Asset-based logistics operations also inherit the driver-safety rules that govern any carrier: commercial driver's license (CDL) standards, Hours of Service and electronic logging device (ELD) mandates, the FMCSA drug and alcohol Clearinghouse, and the Safety Measurement System / CSA scores that underwriters review at renewal. A 3PL that brokers loads carries an added diligence duty — verifying that the carriers it tenders freight to hold active authority and adequate insurance, because negligent-selection theories increasingly pull the broker into accident litigation.

  • BMC-84 surety bond or BMC-85 trust ($75,000) on file for the broker/forwarder function under 49 U.S.C. 13904
  • Operating authority suspended if broker security drops below $75,000 and is not replenished within 7 days
  • USDOT number and MC operating authority required when hauling freight under the company's own name
  • BMC-91 / BMC-91X public-liability filing with FMCSA for the motor-carrier side of the operation
  • Minimum liability of $750K general freight, up to $1M–$5M for hazardous materials under 49 CFR Part 387
  • CDL, Hours of Service, ELD, and drug & alcohol Clearinghouse compliance for company drivers
  • Documented carrier-vetting (authority, insurance, safety scores) to defend against negligent-selection claims

Why Logistics Companies Choose The Allen Thomas Group

Logistics companies choose The Allen Thomas Group because we understand that a 3PL is not a trucker, not a broker, and not a warehouse — it is all three, and its insurance has to be built that way.
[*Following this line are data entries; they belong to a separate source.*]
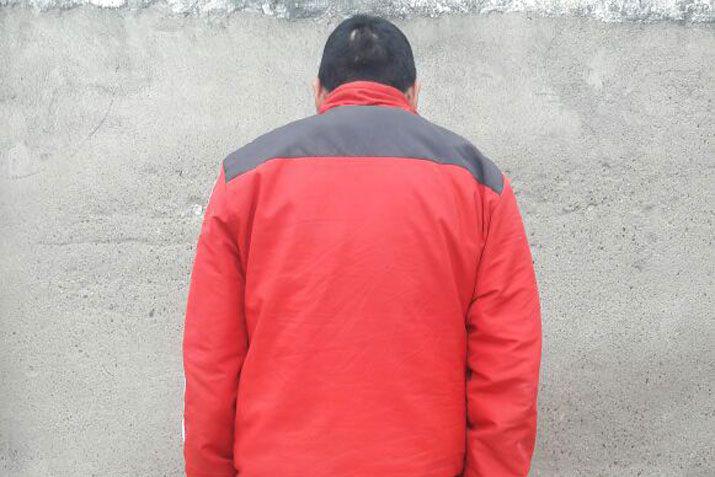 Recuperan motocicleta y detienen a conocido delincuente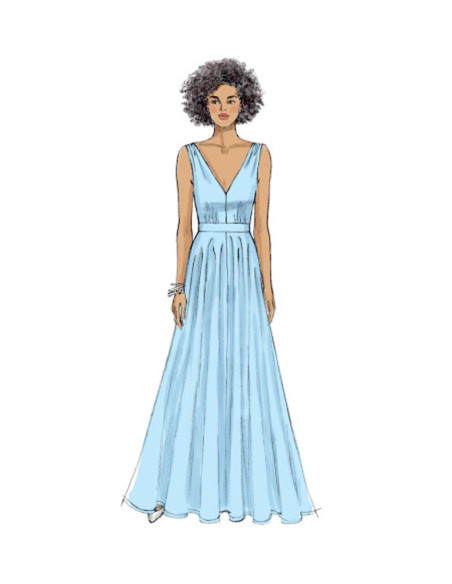 Kleidmuster - Vogue 9053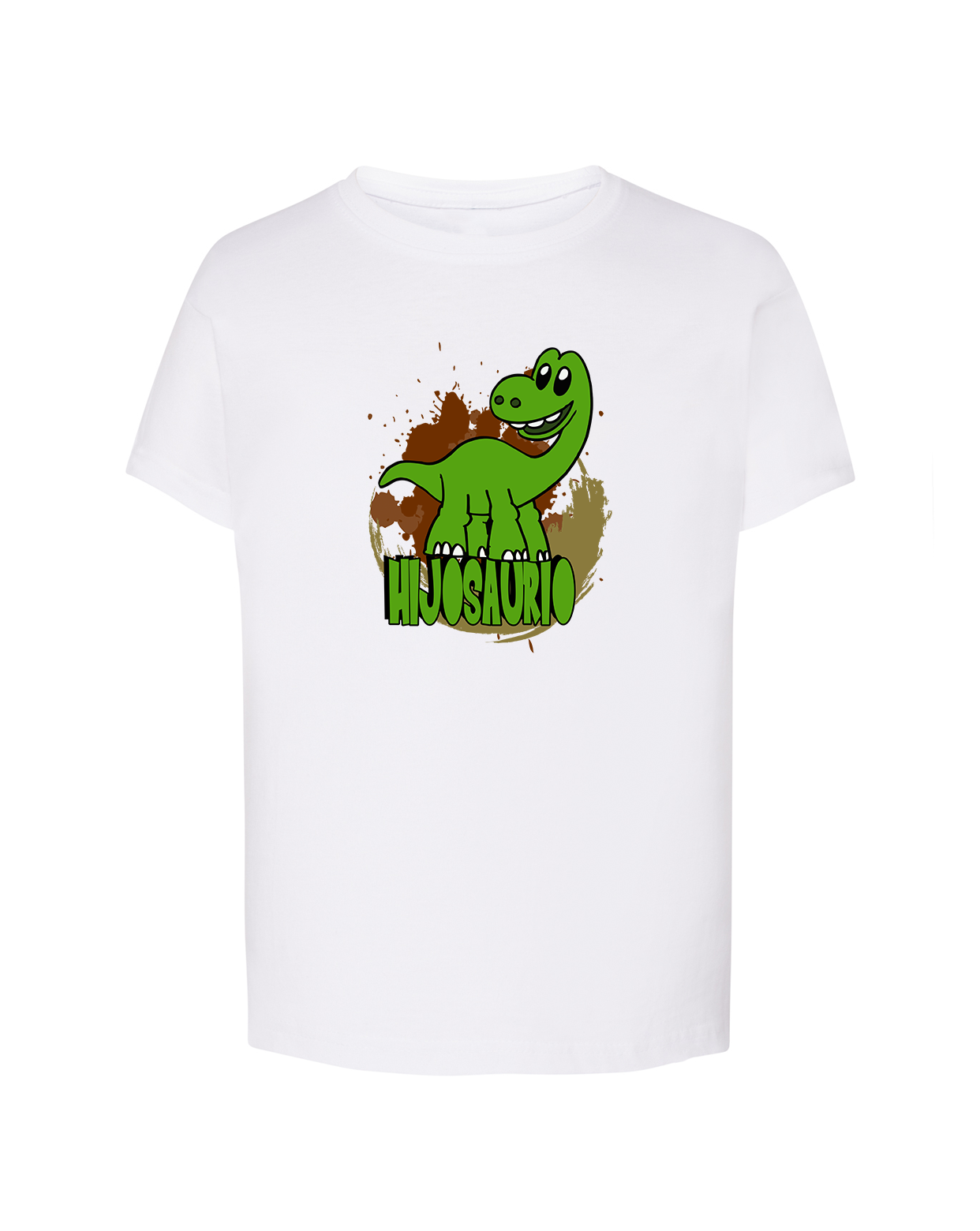 Camiseta niño personalizable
Founded in 2003 and family-owned, we are an independent agency licensed in 27 states, which means we work for the logistics company, not for any one insurer. When we map a program, we are mapping the seams where broker, carrier, and warehouse exposures meet, so a cargo or auto claim does not get bounced between policies.

As an independent agency with access to 15+ A-rated carriers and an A+ rating with the Better Business Bureau, we market each part of the operation — fleet auto, motor truck cargo, contingent cargo, broker E&O, warehouse legal liability, cyber, and workers' compensation — to the underwriters best suited to it, then assemble the results into one coherent program. That carrier breadth matters in a market where transportation and cargo rates move quickly and a single hard-to-place exposure can otherwise leave a gap.

Our relationship does not end at the binder. We conduct annual coverage reviews as the logistics company adds power units, opens facilities, takes on new commodity classes, or moves from brokering to asset-based hauling — each of which changes the risk profile and the filings required. That consultative, advocacy-first approach is why logistics clients stay with us as they scale.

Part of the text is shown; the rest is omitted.